Trouble getting out of bed in the morning. Lack of enthusiasm and energy. Not to mention the schedule change planned for this last Sunday in October, which will shorten the days even more. To be sure, while summer is a distant memory, a month away from its official start, we are in raw autumn, the official season of laziness, gloomy weather, and nasopharyngitis.
So how do you find some fishing? Can we boost our immunity to keep respiratory viruses at bay? For many, the solution is to start a little autumn cure, to recharge with vitamins C, D or magnesium. But between the contributions of food, a possible deficit and the real needs, are these cures really effective? 20 minutes sift through five. And “if avoiding deficiencies is obviously good for health, we should not expect miracles from these cures either, in particular against Covid-19”, insists Thierry Souccar, scientific journalist and author of the book. Let’s stop sabotaging our immunity (Ed. Thierry Souccar).
Also called vitamin of the sun, vitamin D is synthesized by the body when one is exposed to its rays. It plays an essential role in bone health, and also in strengthening the immune system. “In particular, innate immunity, which is the body’s first line of defense against infectious agents such as bacteria, fungi and viruses,” explains Thierry Souccar.
However, as the time change approaches, naturally filling up on this vitamin becomes more complicated. If oily fish and fortified dairy products contain vitamin D, “food barely manages to cover the needs, and between 75 and 80% of the French population is deficient in vitamin D at this time of year”, stresses the scientific journalist . We can know if it is necessary thanks to a laboratory test. And if you have a deficit, taking a vitamin D cure in the fall may be a good idea. Studies show that supplementation can have a preventative effect against classic winter respiratory viruses.” In pharmacies, we will choose “rather vitamin D3 than D2: it is closer to the one produced naturally by the body, which absorbs it better”, advises Thierry Souccar.
Considered by many to be the energy vitamin, vitamin C supports brain activity, has antioxidant properties and contributes to the proper functioning of the immune system. “A varied diet, rich in fruits and vegetables, but also in viscera, can satisfy the body’s needs. Numerous studies show a drop in vitamin C status during cold seasons, when we can consume fewer plants than during the summer”, Thierry Souccar points out.
If a good dose of citrus fruits -the clementine season begins- can be enough, in case of a deficit, “a vitamin C cure may be indicated this season, believes the scientific journalist, but this supplementation is not essential”. In reality, it depends on the quantity and quality of the calories consumed: it will be more difficult to ensure a sufficient intake of vitamins and minerals if a diet is too rich in ultra-processed products or too low in calories. Especially if you smoke or if you have respiratory function disorders, where the body will have greater needs for vitamin C”, he continues. It would be a shame, in the middle of cold weather, vitamin C is a precious ally to reduce the duration and intensity.
Little known, zinc is a valuable trace element, which helps the growth and proper functioning of the immune system.

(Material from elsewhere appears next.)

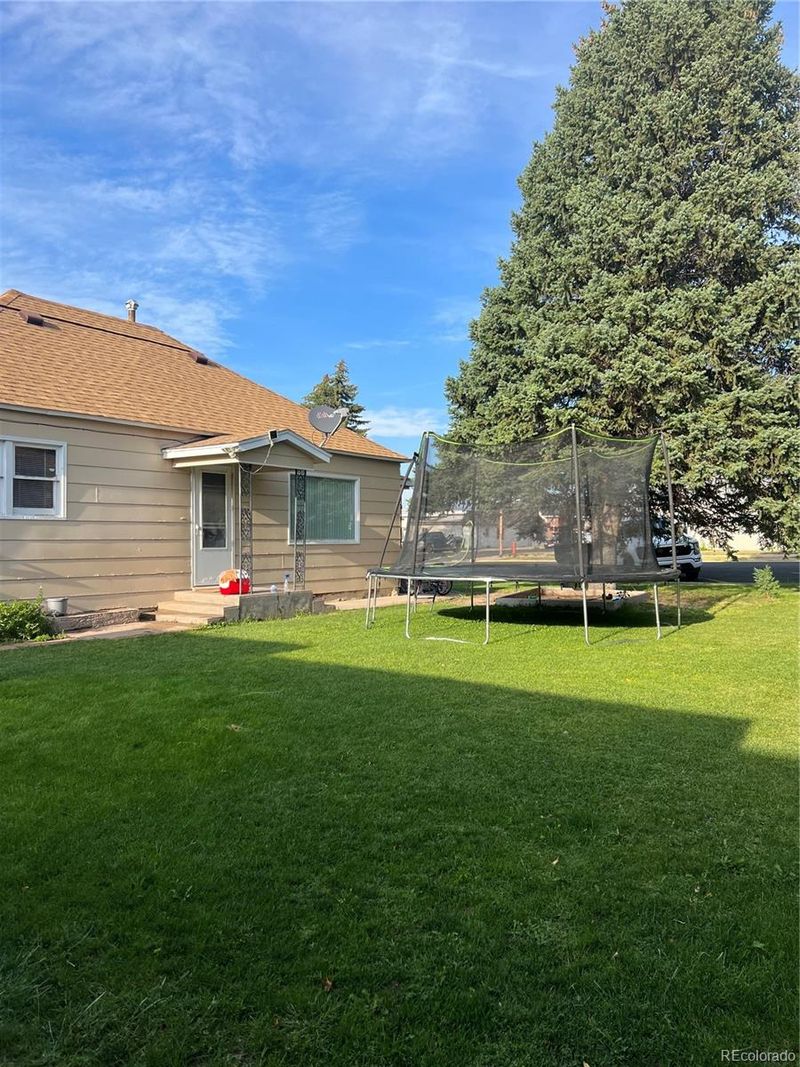 503 Adams St, Wray, CO 80758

On the plate it can be found in crustaceans, shellfish, red meat or eggs, which is better assimilated by the body than that contained in whole grains and vegetable proteins. However, “almost 20% of the population would be in a deficit situation, in particular vegetarians or vegans and the elderly,” says Thierry Souccar.
However, “it’s best not to be missed when the risk of viral infection is high, as is the case right now, as zinc has the effect of disrupting the replication of many viruses in the body,” he adds. It is probably one of the best allies against colds and certain viral infections, either in prevention or to reduce their duration. Supplementation may be indicated for certain profiles, as long as you take the right dose, not too much and not too little, that is, around 15 mg per day.

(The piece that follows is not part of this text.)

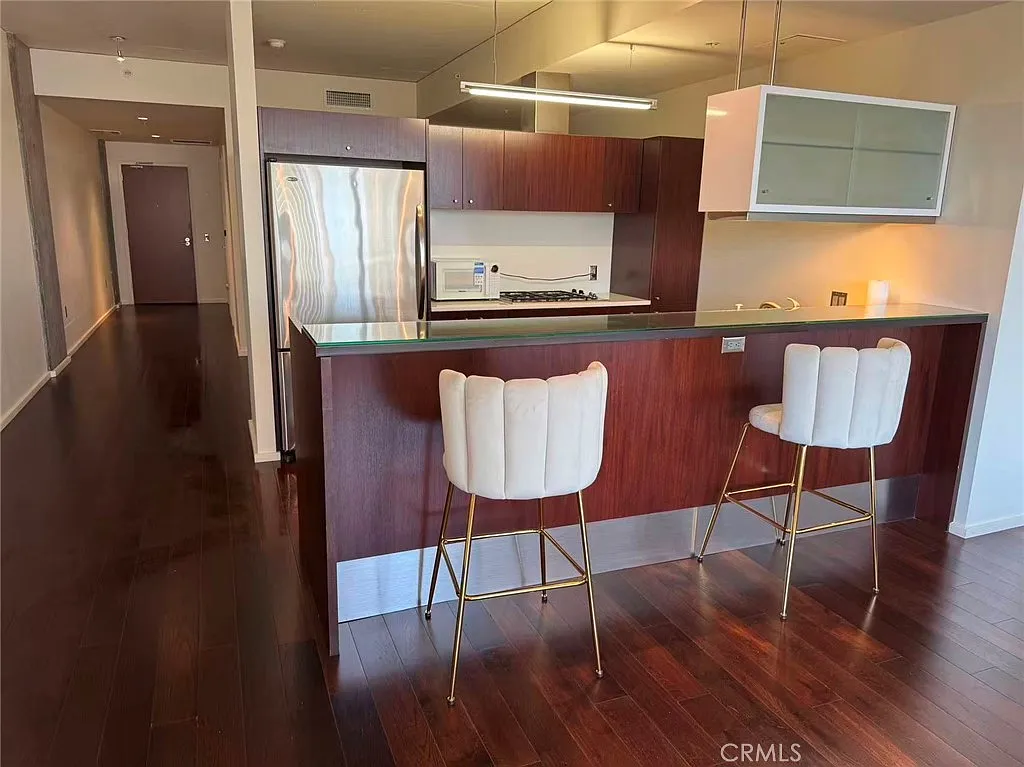 1 bed, 920 sqft, $2,900 — Photo 2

It is one of the most popular cures of the season. Magnesium is an essential mineral to help the brain with energy production, protect against stress, and slow the aging process. Again, food may be enough to increase your intake, particularly shellfish and oilseeds, “or even mineral waters naturally rich in magnesium, suggests Thierry Souccar. This can help you better resist stress and regain some energy.

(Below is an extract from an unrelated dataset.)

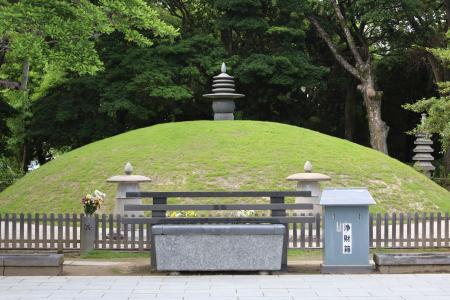 　身元不明や引き取り手のない多数の原爆死没者の遺骨が納められている広島・平和記念公園の原爆供養塔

If you still want to make a cure, “you have to know that there are different qualities. There is organic magnesium, a little more expensive but better absorbed by the body, and inorganic – including marine magnesium – which requires a higher dose for the same benefits, but can have a laxative effect, ”she warns.
If most people do not necessarily think of taking a probiotic cure, they are, however, the key players in our second brain: the intestinal microbiota, and they play a fundamental role in our body. “Probiotics are live bacteria naturally present in dairy products and other fermented foods such as miso or kefir,” says Thierry Souccar. Therefore, feeding may be sufficient to ensure the quality of the intestinal flora”.
Essential probiotics for health and immune defenses, since “alterations in the microbiota can promote and aggravate respiratory infections, and on the contrary, when the flora harbors a good diversity of probiotics, resistance to winter infections would be reinforced, but its duration and intensity would also be reduced. , he underlines. They could also improve the effectiveness of flu shots in the elderly, who develop a weaker immune response. Therefore, supplementation may be interesting in the fall for people over 65 years of age”.